I think it is helpful to raise awareness of numerical precision by adding a paragraph to the documentation.

For the particular case of det, I find two points that might be worth discussion:

First, it might not be a great choice to use det to test singularity. Consider the determinant of an $n \times n$ diagonal matrix with $a$ along the diagonal. Its determinant is $a^n$. If $a$ is small and $n$ is large, this can get arbitrarily small, and “effectively zero” by the np.isclose test. However, the matrix is clearly not singular. (A better way to test for singularity is to call np.linalg.matrix_rank.)
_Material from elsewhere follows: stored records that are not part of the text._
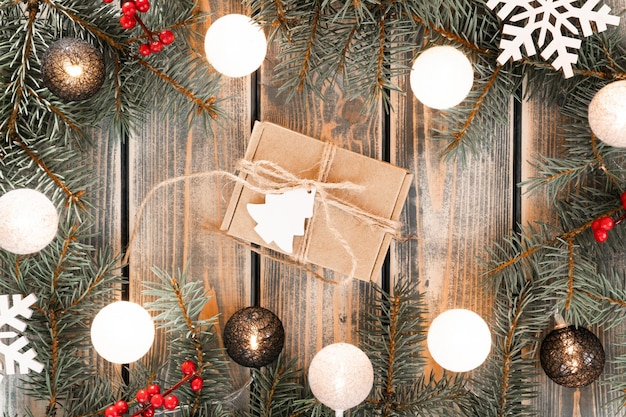 Caja de regalo de cartón de Navidad Kraft atada con cuerda de yute en marco de guirnalda de rama de árbol de Navidad con bombillas de bola de hilo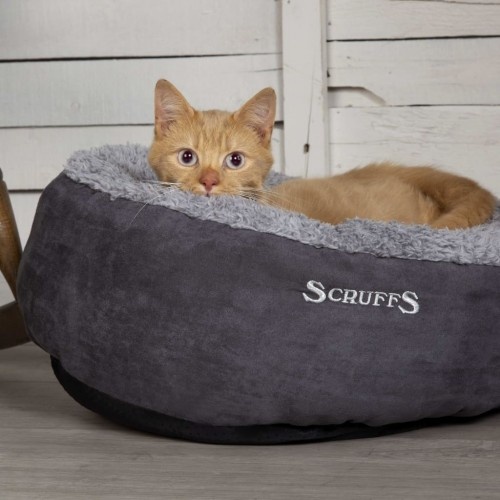 Cama cinza para animais de estimação com forro externo.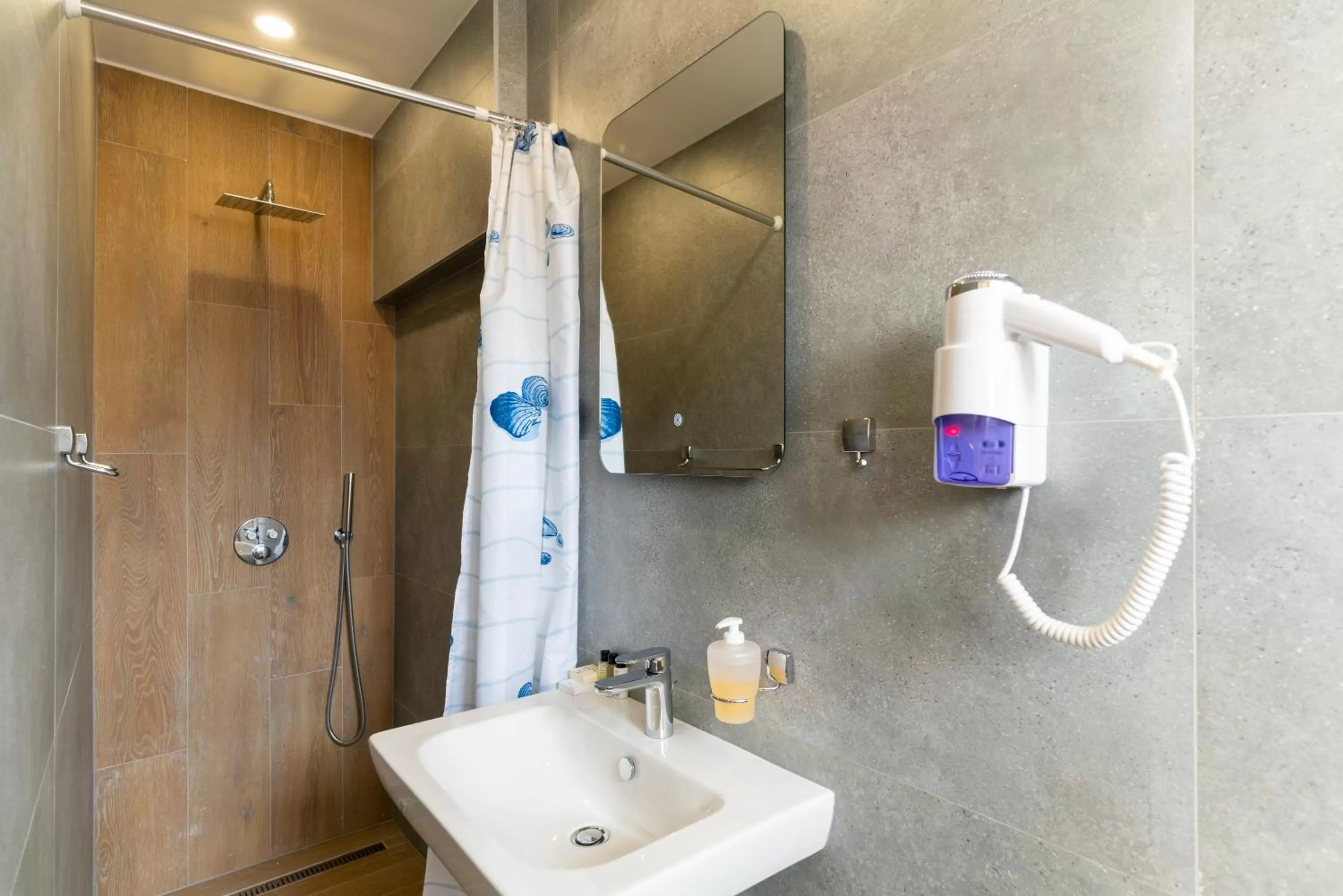 Bathroom in Ornament Hotel and Apartments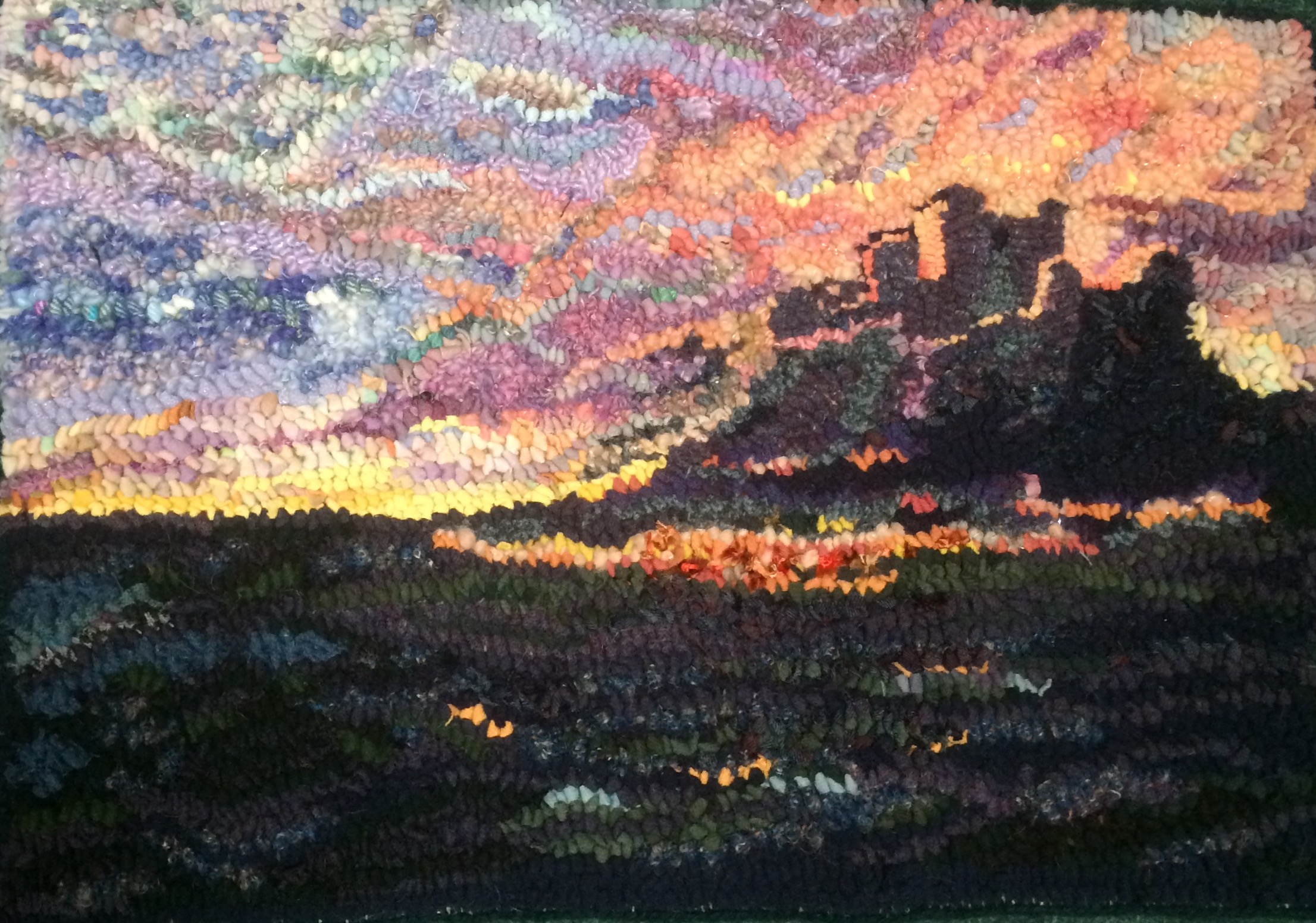Heather Ritchie Bambrough Sunset rag rug in the hooky technique castle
Secondly, it is somewhat tricky to use np.isclose to test floating point equality, especially with the default tolerance parameters (rtol=1e-5, atol=1e-8). In fact, the doc of np.isclose contains a section to alert about the default tolerance parameters. Picking the right tolerance might be problem-specific and I’m not aware of a choice that fits all purposes.

close/reopen

@amitsubhashchejara the suggestion by @rkern #27554 (comment) was my first thought, too. There are many other functions for which similar notes would be equally appropriate. When we are faced with the decision of whether we want to add to all of them or just add a general section in a tutorial, the tutorial is much more maintainable. I also agree that the absolute beginners tutorial would be the right place - is there a section there where this would fit (if it's not mentioned already)?

See also #27871

I'm going to close this. The idea for a tutorial section on floating point precision would be good to have and det could a good example. @melissawm Can you take it from here?